— To do —
Retype verbatim the lines of the listing, from the very first through the line with "(1) Section Flexible Expanding Conveyor".

— Source material —
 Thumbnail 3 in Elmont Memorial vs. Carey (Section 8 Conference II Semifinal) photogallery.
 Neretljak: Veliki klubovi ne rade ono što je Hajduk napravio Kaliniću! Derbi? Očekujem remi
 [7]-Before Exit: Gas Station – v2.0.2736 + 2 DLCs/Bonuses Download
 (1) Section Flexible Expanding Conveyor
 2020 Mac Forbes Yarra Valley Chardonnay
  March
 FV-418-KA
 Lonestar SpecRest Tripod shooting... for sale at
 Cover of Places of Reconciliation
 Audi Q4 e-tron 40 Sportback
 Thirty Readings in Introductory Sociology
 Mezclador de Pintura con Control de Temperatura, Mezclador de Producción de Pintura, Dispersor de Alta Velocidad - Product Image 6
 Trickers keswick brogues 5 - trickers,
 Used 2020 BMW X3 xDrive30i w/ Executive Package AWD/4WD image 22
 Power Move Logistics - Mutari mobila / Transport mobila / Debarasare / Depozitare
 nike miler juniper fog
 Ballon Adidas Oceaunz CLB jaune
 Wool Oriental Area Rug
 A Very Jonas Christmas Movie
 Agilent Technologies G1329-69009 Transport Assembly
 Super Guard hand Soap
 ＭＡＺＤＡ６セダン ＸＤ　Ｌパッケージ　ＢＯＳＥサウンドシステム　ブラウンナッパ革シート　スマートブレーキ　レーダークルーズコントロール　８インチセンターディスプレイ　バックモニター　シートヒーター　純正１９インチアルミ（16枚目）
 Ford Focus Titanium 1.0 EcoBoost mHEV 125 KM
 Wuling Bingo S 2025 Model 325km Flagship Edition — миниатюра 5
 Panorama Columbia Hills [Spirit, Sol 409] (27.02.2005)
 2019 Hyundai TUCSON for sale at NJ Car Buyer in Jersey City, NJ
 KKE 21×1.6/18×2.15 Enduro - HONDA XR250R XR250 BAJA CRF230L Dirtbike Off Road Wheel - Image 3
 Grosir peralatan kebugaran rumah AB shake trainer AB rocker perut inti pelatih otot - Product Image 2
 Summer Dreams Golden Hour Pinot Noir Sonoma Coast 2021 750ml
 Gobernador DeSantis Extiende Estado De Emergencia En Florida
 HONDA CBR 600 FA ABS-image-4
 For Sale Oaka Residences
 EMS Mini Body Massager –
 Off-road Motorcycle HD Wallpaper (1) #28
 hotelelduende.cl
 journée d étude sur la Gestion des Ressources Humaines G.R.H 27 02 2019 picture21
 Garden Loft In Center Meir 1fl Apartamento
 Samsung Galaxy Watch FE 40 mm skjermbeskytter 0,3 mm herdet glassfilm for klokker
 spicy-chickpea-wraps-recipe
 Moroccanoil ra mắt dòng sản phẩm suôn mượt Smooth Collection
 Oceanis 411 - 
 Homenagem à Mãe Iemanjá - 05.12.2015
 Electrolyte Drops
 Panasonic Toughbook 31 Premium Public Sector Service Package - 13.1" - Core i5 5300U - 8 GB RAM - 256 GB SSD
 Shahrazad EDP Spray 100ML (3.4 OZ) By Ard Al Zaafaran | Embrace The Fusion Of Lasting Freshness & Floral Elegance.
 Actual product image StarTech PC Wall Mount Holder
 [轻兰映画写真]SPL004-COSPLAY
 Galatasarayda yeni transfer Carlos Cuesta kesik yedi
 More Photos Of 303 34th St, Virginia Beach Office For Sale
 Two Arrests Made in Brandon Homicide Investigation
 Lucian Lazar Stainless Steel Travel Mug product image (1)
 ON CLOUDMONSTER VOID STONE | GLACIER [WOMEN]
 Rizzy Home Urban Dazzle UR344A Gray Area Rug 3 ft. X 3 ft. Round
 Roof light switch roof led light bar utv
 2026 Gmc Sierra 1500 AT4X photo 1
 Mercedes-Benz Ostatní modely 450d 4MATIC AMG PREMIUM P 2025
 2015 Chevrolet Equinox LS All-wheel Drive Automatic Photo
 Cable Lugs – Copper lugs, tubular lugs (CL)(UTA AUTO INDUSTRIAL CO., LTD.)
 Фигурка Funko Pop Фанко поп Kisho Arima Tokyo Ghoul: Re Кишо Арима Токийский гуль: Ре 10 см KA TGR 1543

— Written response —
 Thumbnail 3 in Elmont Memorial vs. Carey (Section 8 Conference II Semifinal) photogallery.
 Neretljak: Veliki klubovi ne rade ono što je Hajduk napravio Kaliniću! Derbi? Očekujem remi
 [7]-Before Exit: Gas Station – v2.0.2736 + 2 DLCs/Bonuses Download
 (1) Section Flexible Expanding Conveyor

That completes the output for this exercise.